The 6-foot-6, 215-pound tight end accepted a full athletic scholarship to Indiana University this past spring. But before embarking on a college football adventure in the Big Ten, Miller yearned for a decorated senior season with his Bombers teammates.
So as Kenston ran onto the field for a Week 4 game against North, Miller never imagined being where he was.
Sitting in a wheelchair on the sideline.
Miller sustained fractures to his L1, L2 and L3 vertebrae while recovering an onside kick in the Bombers’ Week 3 win over NDCL. That portion of vertebra is the topmost section of the lumbar spinal column.
Doctors have told Miller his injury is not career-ending nor is it debilitating in the longterm.
But it has halted his high-school career — maybe for good.
“This definitely sucks,” Miller said. “It’s the first time I’ve been on the sideline after starting four years on varsity.

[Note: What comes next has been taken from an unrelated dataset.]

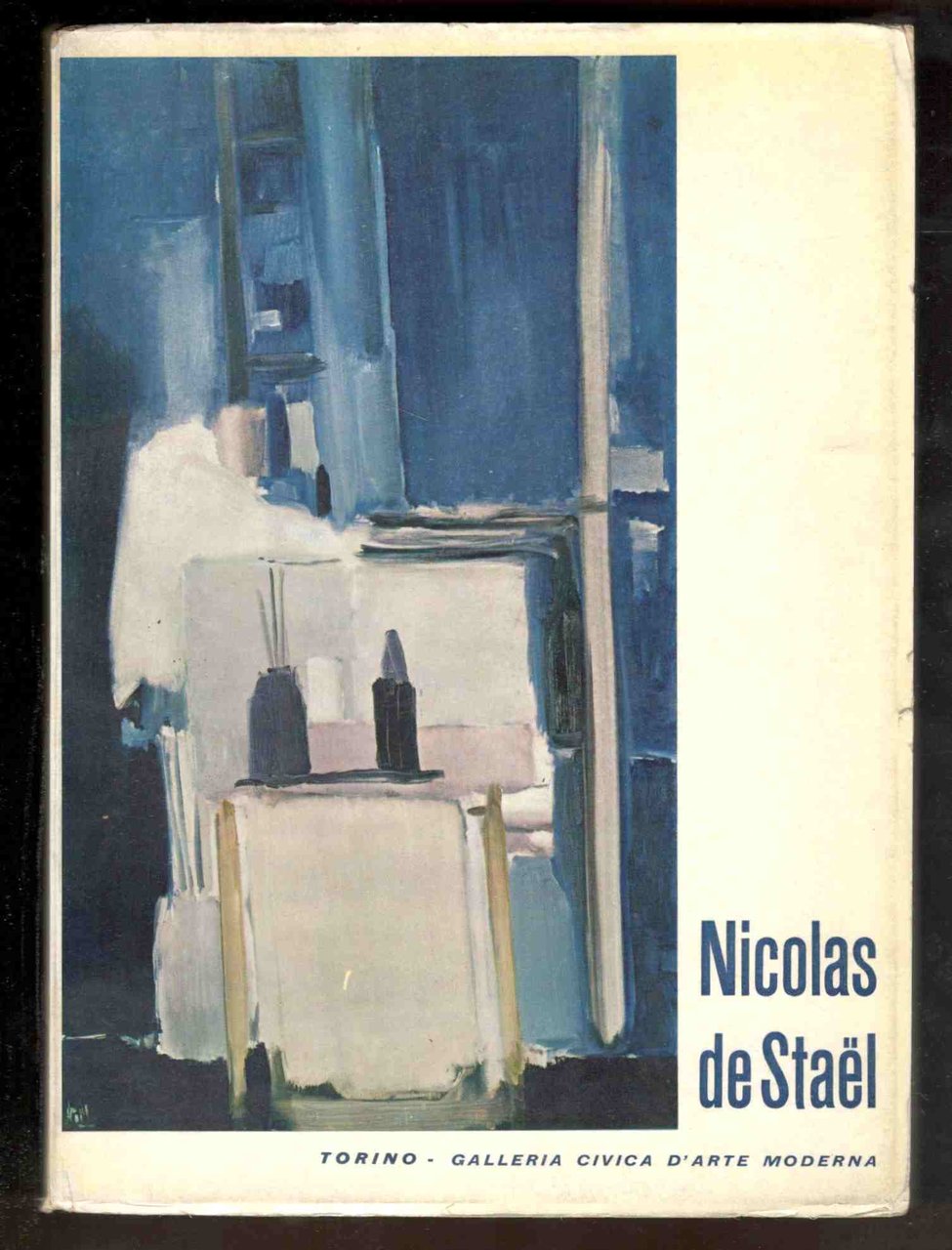 Nicolas de Stael. Torino, Galleria Civica d'Arte Moderna, 3 maggio …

The doctors say I’ll make a full recovery and if I tore up my knee that’d be a worse injury. But yeah, this is hard on me.”

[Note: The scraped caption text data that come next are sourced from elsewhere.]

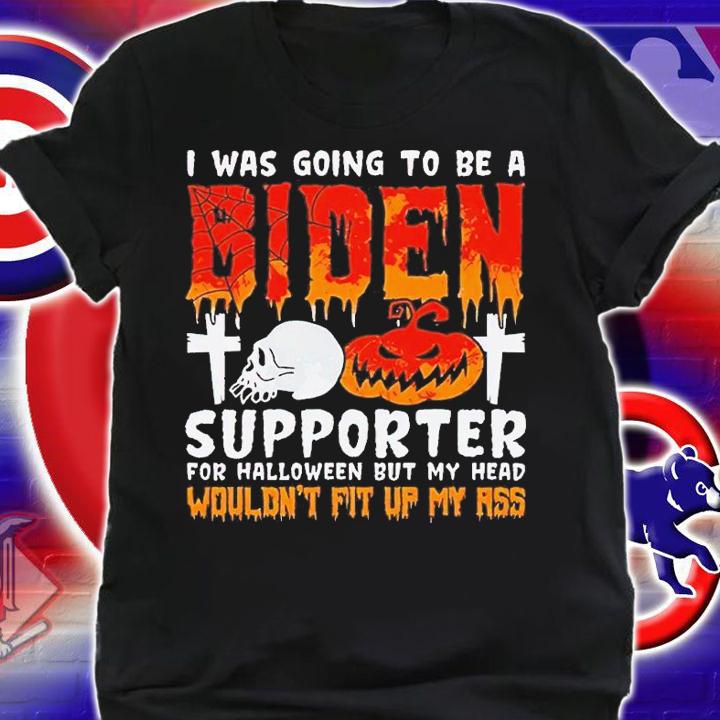 I was going to be a Biden supporter for Halloween shirt t-shirt shirt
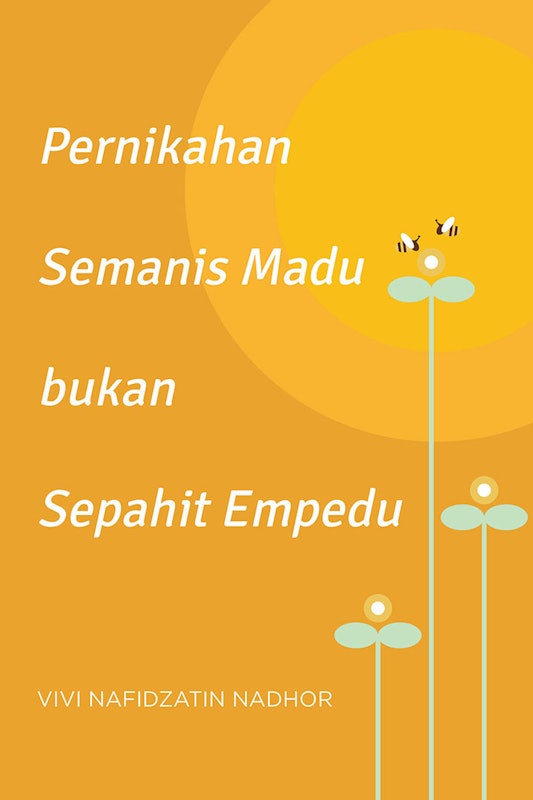 Pernikahan Semanis Madu bukan Sepahit Empedu 1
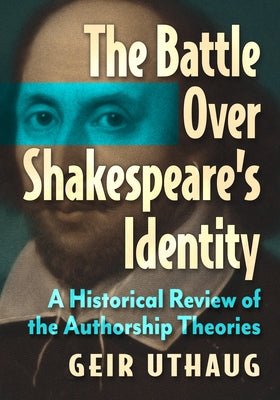 The Battle Over Shakespeare's Identity: A Historical Review of the Authorship Theories by Uthaug, Geir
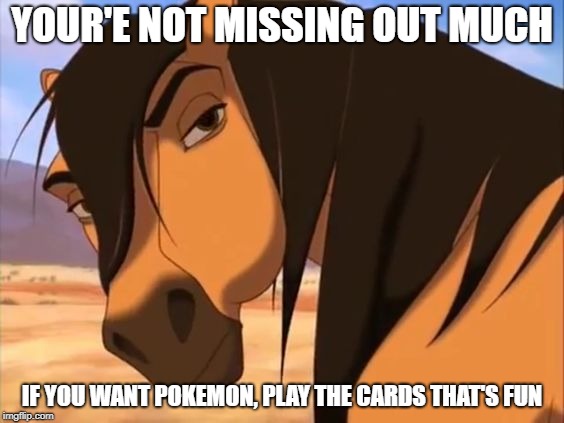 Spirit What | YOUR'E NOT MISSING OUT MUCH IF YOU WANT POKEMON, PLAY THE CARDS THAT'S FUN | image tagged in spirit what | made w/ Imgflip meme maker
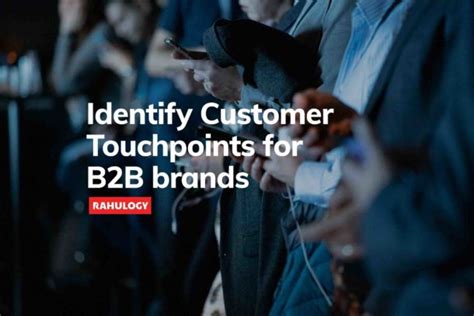 How To Identify Important Customer Touchpoints For B B Brands Rahulogy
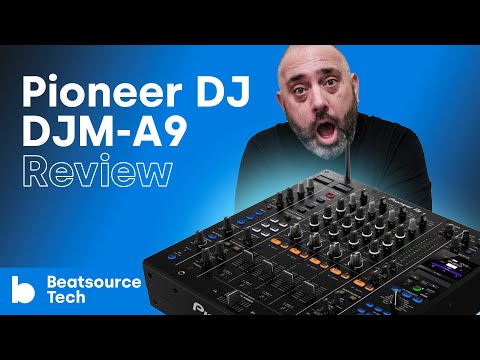 Pioneer DJ DJM-A9 review: the club standard redefined | Beatsource Tech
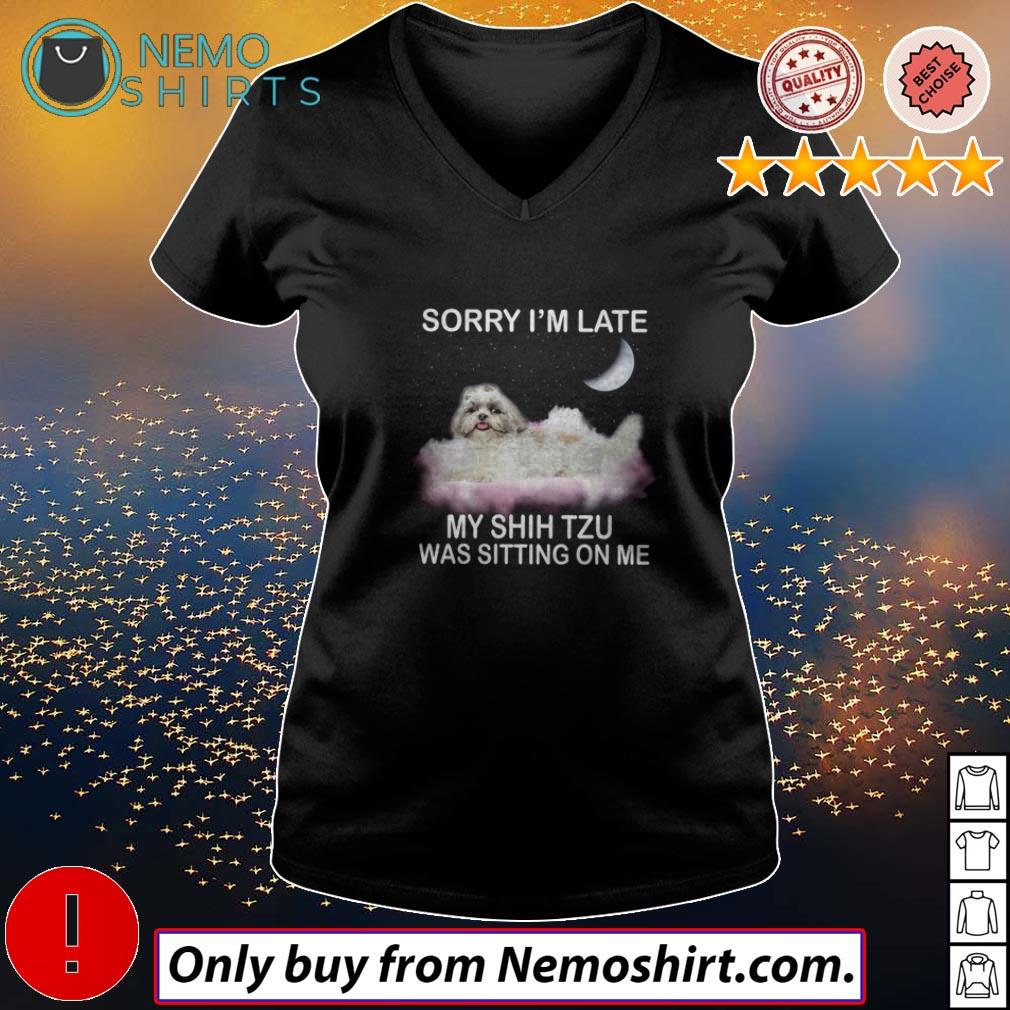 Sorry I'm late my Shih Tzu was sitting on me - Adult & Kids T-Shirts, Sweatshirts & Hoodies product image 5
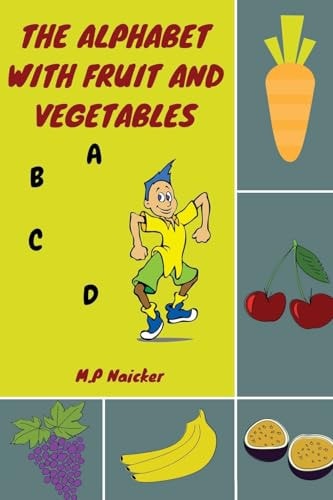 The Alphabet with Fruit and Vegetables The Alphabet Book That Encourages Healthy Foods for Healthy Kids!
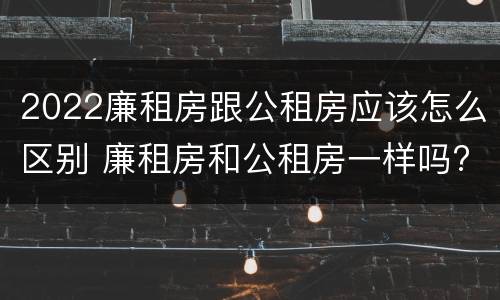 2022廉租房跟公租房应该怎么区别 廉租房和公租房一样吗?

Through two-plus games, Miller had eight catches for 91 yards. He was part of an electric Kenston offense that through four games is averaging 32 points per game.
But he wasn’t hurt doing what he does best — catching passes.

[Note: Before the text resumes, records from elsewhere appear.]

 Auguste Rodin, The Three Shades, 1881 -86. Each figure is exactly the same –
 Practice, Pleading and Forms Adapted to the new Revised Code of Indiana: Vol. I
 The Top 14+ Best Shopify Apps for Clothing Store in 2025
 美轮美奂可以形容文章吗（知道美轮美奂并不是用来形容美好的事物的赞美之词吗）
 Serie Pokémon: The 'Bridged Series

He was hurt trying to preserve his team’s lead over NDCL.
The Lions attempted a fourth-quarter onside kick in a game Kenston eventually won, 35-23. Miller fell on the ball and curled around it — just like he was taught.
Instinctively, an NDCL player attempted to jump in to recover the ball at the same time Miller was corralling it. The player’s knee hit Miller’s lower back and — well — Miller’s no doctor, but he knew something was wrong.
“When I wrapped around it with my body, a dude came in and hit me in the lower back,” Miller said. “I felt something right then. I knew right away it was not something I was going to get right up from and be fine the next day.”
He was helped from the field and taken from the campus by ambulance.
“Our kids were on a knee, and I wasn’t sure how they’d finish seeing Ryan in an ambulance,” Coach Jeff Grubich said. “He loves to play for his team and with the guys he’s grown up with.”
And therein lies Miller’s conundrum.
If doctors are correct and the injury isn’t career, threatening, could Miller rehab a few weeks and return to Kenston to finish off his decorated senior year?
Would he be better off just sitting out the rest of the season, fulfilling his plans to graduate early and enroll at Indiana in January?